Pero me antojé muy tarde. No me uní al frenesí temprano de quienes mataron por un boleto, ni mucho menos me pasaría por la cabeza pagar precios de capricho a los parias de la reventa.
Pedí entonces una acreditación para poder ir a ver, y venir a contar aquí lo que viera, pero no se pudo. Supongo que la presencia de la pulga garantizaba la difusión deseada y no hacían faltan, esta vez, modestos ecos virtuales. Uno tiene que saber cuando el tonto útil, resulta inútil.
Pero la culpa es mía. Hice las cosas -diría alguno de esos que en la tele solo saben repetir clichés- como buen tico.
Pasado lo pasado y visto lo visto, nos pueden meter cualquier cuento. “Argentina es mucho más que Messi”, “aún sin el astro, sigue siendo una selección de primera”, dirán los intelecuales conformes del fútbol.
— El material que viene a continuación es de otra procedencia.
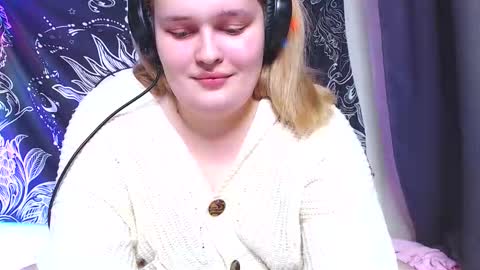 Miss Rose online show from 09-28-25, 07:52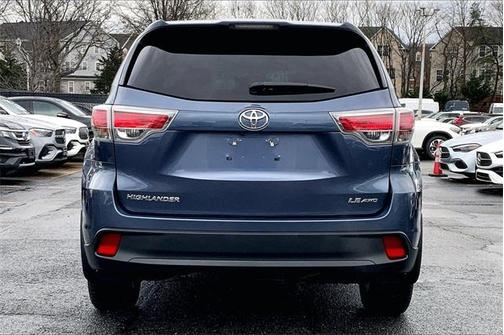 2014 Toyota Highlander LE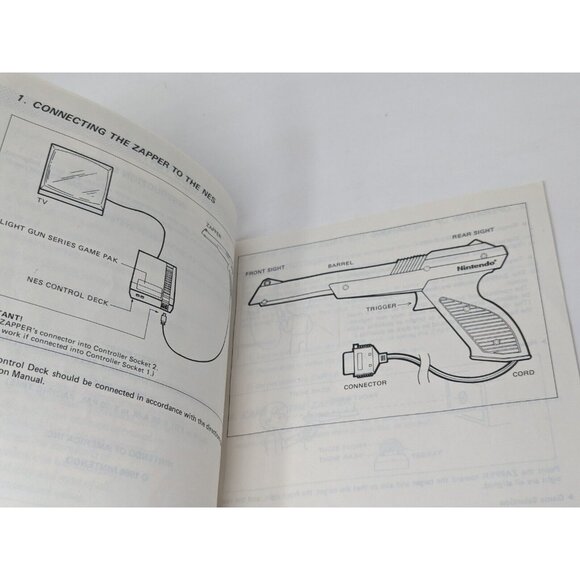 NES ZAPPER Light Gun Original Booklet Manual (Nintendo NES, 1988) VTG - Picture 6 of 6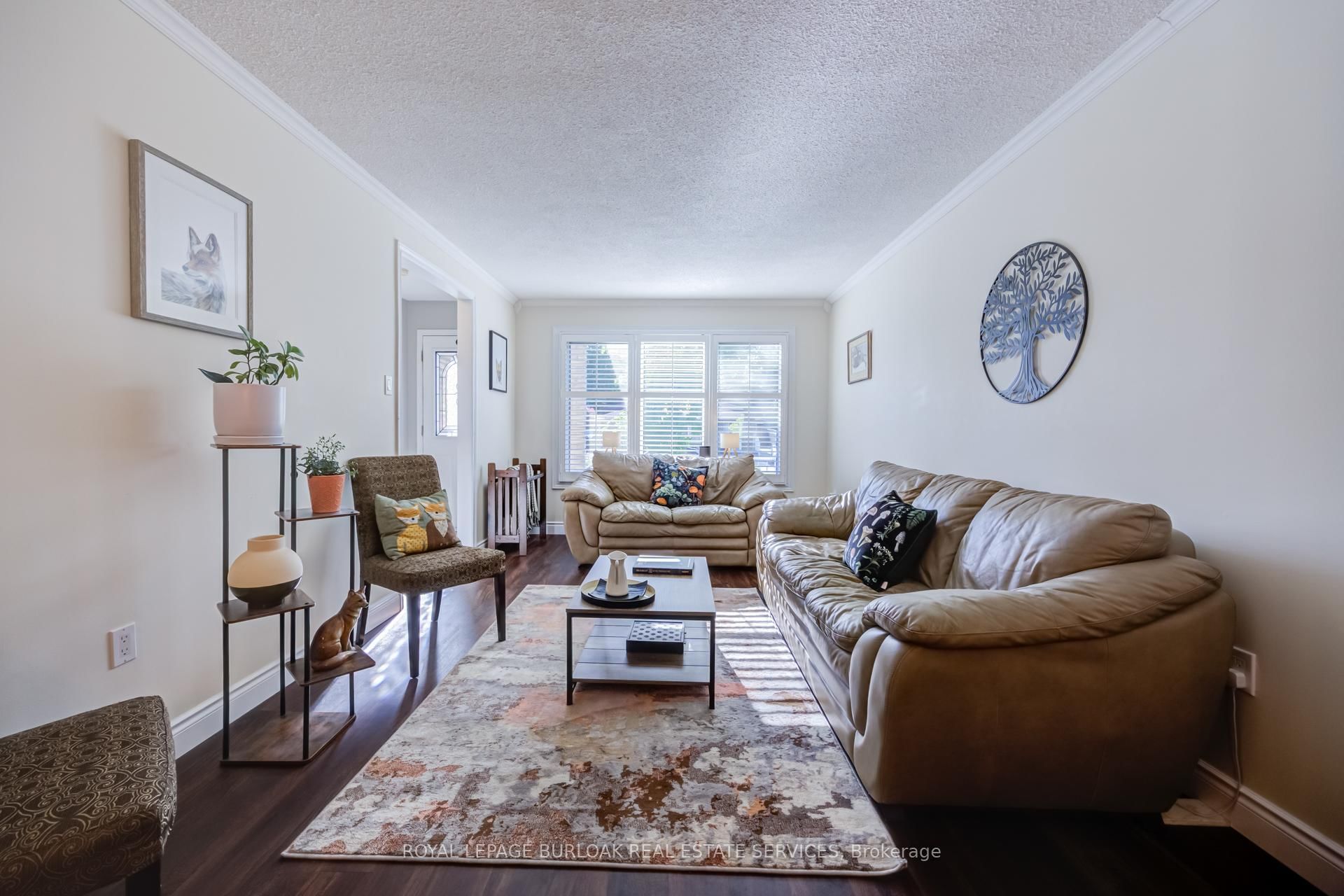 2348 Malcolm Crescent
Pero lo que vimos (la gran mayoría por tele) fue, para no intentar adornarlo, un equipo pura mierda.
Al borde de la gramilla, en el sillón de imitación de Porsche y bajo el techo de acrílico, el mejor del mundo se dedicó a hacer lo mismo que hizo la AFA con la Fedefutbol: bombitas de chicle.
Los miles de ilusos que sí compraron una entrada confiando en lo anunciado, se vengaron como pudieron: con modestos abucheos que no les depararon un reembolso, ni mucho menos consuelo.
Yo quería ver jugar al astro aquí, y guardarme para el recuerdo un ratito de euforia deportiva tercermundista. A veces sale bien hacer las cosas como buen tico. Si hubiera actuado con previsión, como mal tico, hoy habría amanecido llanamente estafado.
Cuidado en lugar de Shakira, les recetan Shakiro.